A review of the evidence for micro-teaching, undertaken by John Hattie as part of his Visible Learning project, found it was the 6th most effective method for improving student outcomes.

Introductions
Microteaching is a technique aiming to prepare teacher candidates to the real classroom setting (Brent & Thomson, 1996). Microteaching can also defined as a teaching technique especially used in teachers’ pre-service education to train them systematically by allowing them to experiment main teacher behaviors.  By the help of this technique, teacher candidates can experiment and learn each of the teaching skills by breaking them into smaller parts and without encountering chaotic environment of the crowded classes. While instilling teaching skills in students during microteaching, reciprocal negotiation of the students actively presenting and watching about the performances can make great contribution to the acquisition of the skills (Taşdemir, 2006). Wilkinson (1996), emphasizes that teacher candidates can experience real teaching and teaching rules with the help of this method. This method offers teachers opportunities for discovering and reflecting on both their own and others’ teaching styles and enables them to learn about new teaching techniques (Wahba, 1999). Pre-service teacher can benefit to a great extent from microteaching applications. Firstly, they reveal teaching facts; and roles of the teacher (Amobi, 2005; Hawkey, 1995; Kpanja, 2001; Wilkinson, 1996); help pre-service teachers to see the importance of planning and taking decisions (Gess-Newsome & Lederman, 1990); enable them to develop and improve their teaching skills (Benton-Kupper, 2001).

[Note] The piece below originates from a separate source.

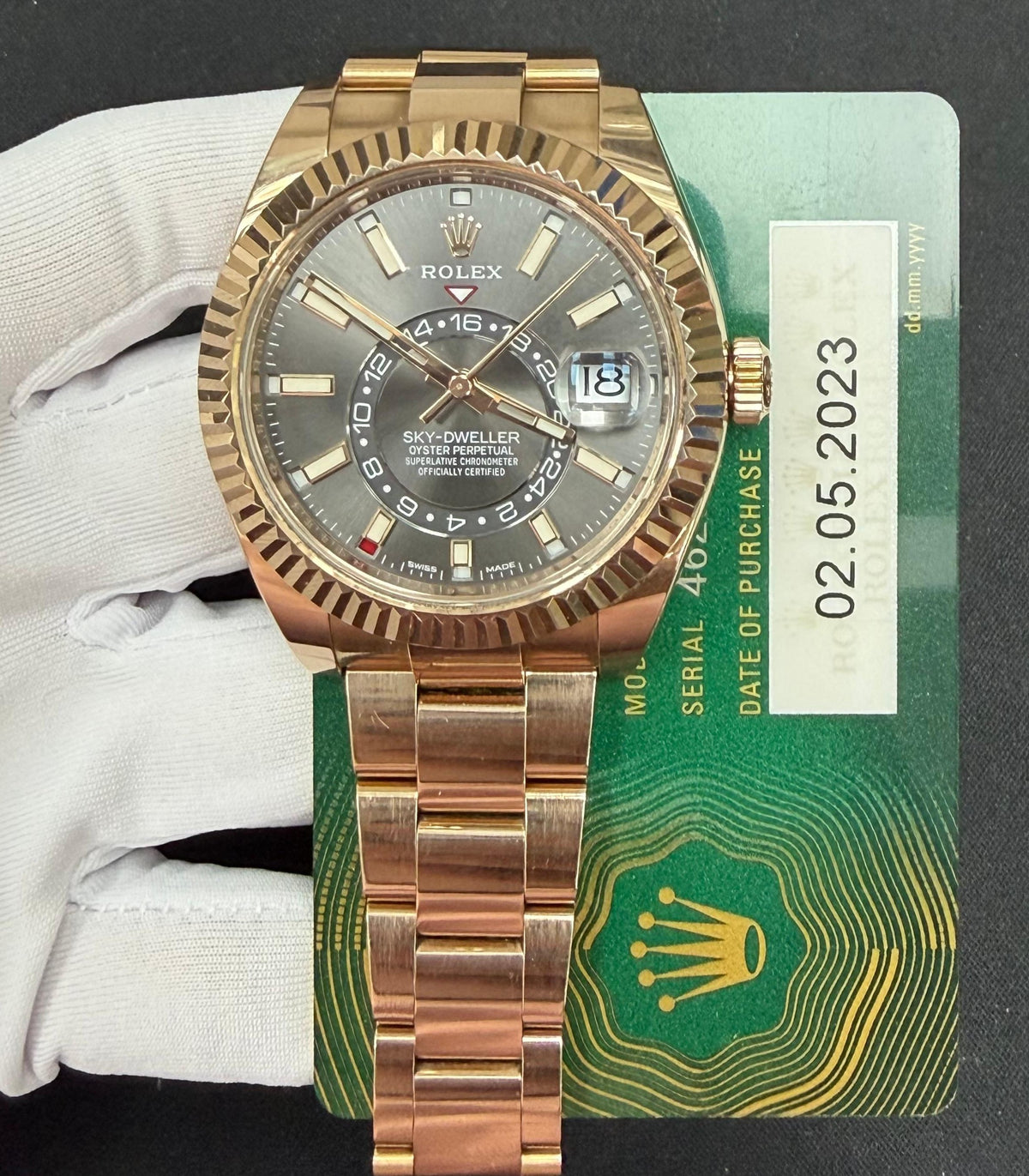 Pre-Owned Rolex Sky Dweller 326935 — view 3 — Laura Milman New York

Microteaching technique is an application in which video recordings have been made possible as a result of developing technology. Audio and visual technology is an effective and reflective tool in preparing pre-service teachers to the profession of teaching. Video recordings provide pre-service teachers with the chance of evaluating themselves by engaging them in more experiences and configurations (Jensen et al., 1994). Sherin (2000) indicates that video recordings affect the perspectives of teachers in education process. Cunningham & Benedetto (2002) emphasize that video tools support the reflective learning, and Spurgeon & Bowen (2002) stress that by the help of these tools, the problems that may occur in education process can be observed and defined. Farris (1991) states that this method increases the confidence and raises the awareness of personal skills. Selçuk (2001) indicates that video recordings can not only be used for demonstrating model teacher behaviours but can also be used for the analysis of microteaching. Using video recording method in microteaching applications contributes to the professional development of pre-service teachers by identifying strengths and weaknesses and improves their competencies (Tok, 2007).

Techniques
Since its inception in 1963, micro-teaching has become an established teacher-training procedure in many universities and school districts.  This training procedure is geared towards simplification of the complexities of the regular teaching-learning process.  Class size, time, task, and content are scaled down to provide optimal training environments.
The supervisor demonstrates the skill to be practiced. This may be live demonstration, or a video presentation of the skill.
Then, the group members select a topic and prepare a lesson of five to ten minutes.
The teacher trainee then has the opportunity to practice and evaluate his use of the skills. Practice takes the form of a ten-minute micro-teaching session in which five to ten pupils are involved.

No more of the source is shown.